Europe’s Self-Storage Market Shows Steady Growth Amid Economic Pressures

14 October 2025

Europe’s self-storage industry is expanding across the continent despite rising interest rates, construction costs, and economic uncertainty. Analysts say the sector’s stability reflects its growing role in urban living and small-business operations, as well as its resilience in downturns.

Over the past year, the number of self-storage facilities in Europe has continued to climb, reaching nearly ten thousand sites. The market remains dominated by the United Kingdom, France, Germany, and Spain, but developers are increasingly turning to Central and Eastern Europe, where public awareness is rising and competition is lower. Countries such as Poland, the Czech Republic, and Hungary are now attracting new investment and development interest.

Demand has held up even as consumers face tighter budgets. Many operators report steady rental activity, supported by people moving homes, downsizing, or using extra space for online retail and small-business storage. Although occupancy levels in some markets have softened slightly, the average income per unit of space has grown modestly, helped by more efficient management and technological upgrades.

Industry experts say the self-storage model has proven particularly resilient because it meets both personal and commercial needs. City residents continue to seek flexible solutions for seasonal goods and furniture, while entrepreneurs use storage units as low-cost extensions of their operations. This dual demand helps cushion the sector from broader economic swings.

Investment appetite also remains strong.
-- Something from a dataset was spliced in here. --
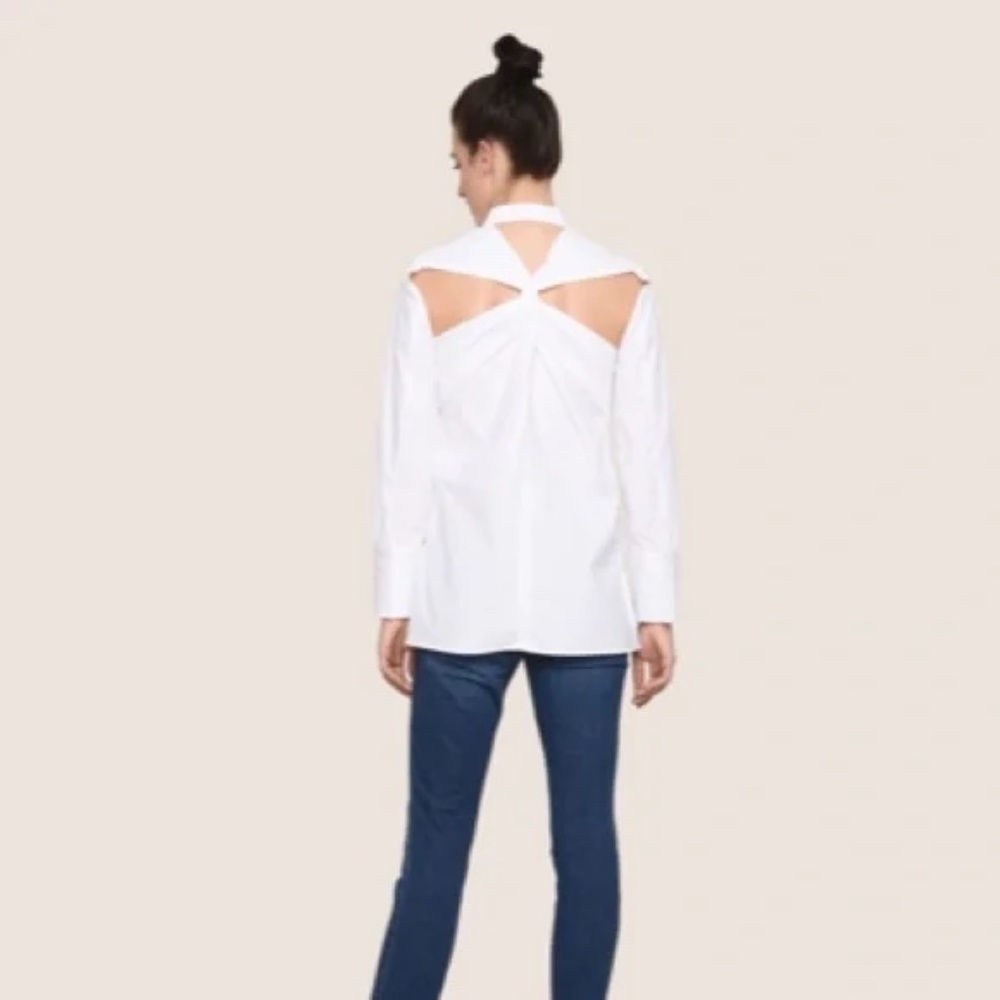 Armani Exchange Knot-Back Button-Down Shirt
Real estate investors view the sector as a stable long-term asset, supported by recurring income and relatively low volatility. While financing conditions have become more expensive, the long-term fundamentals of the business—limited supply in many markets and consistent occupancy—have helped sustain interest in new projects.

France has emerged as one of Europe’s fastest-growing markets, now home to more than a thousand self-storage centres. Developers are expanding rapidly in regional cities and suburban areas, where land availability and demand balance more easily. Similar growth patterns are being observed in the Benelux countries and parts of Central Europe, where new entrants are introducing modern, digitalised facilities.

Looking ahead, growth in the industry is expected to continue, though at a slower pace than in the boom years following the pandemic. Operators are focusing on improving energy efficiency and introducing contactless technology to reduce costs and appeal to environmentally conscious consumers. Hybrid models combining self-storage with light logistics or shared workspace are also gaining attention as companies explore new ways to use space.

Despite the uncertain economic backdrop, the European self-storage sector remains one of the property market’s most resilient niches. Its appeal lies in its practicality: a straightforward service that meets real everyday needs. Whether for families running out of room or small businesses seeking flexibility, the industry continues to find steady demand—and investors are taking notice.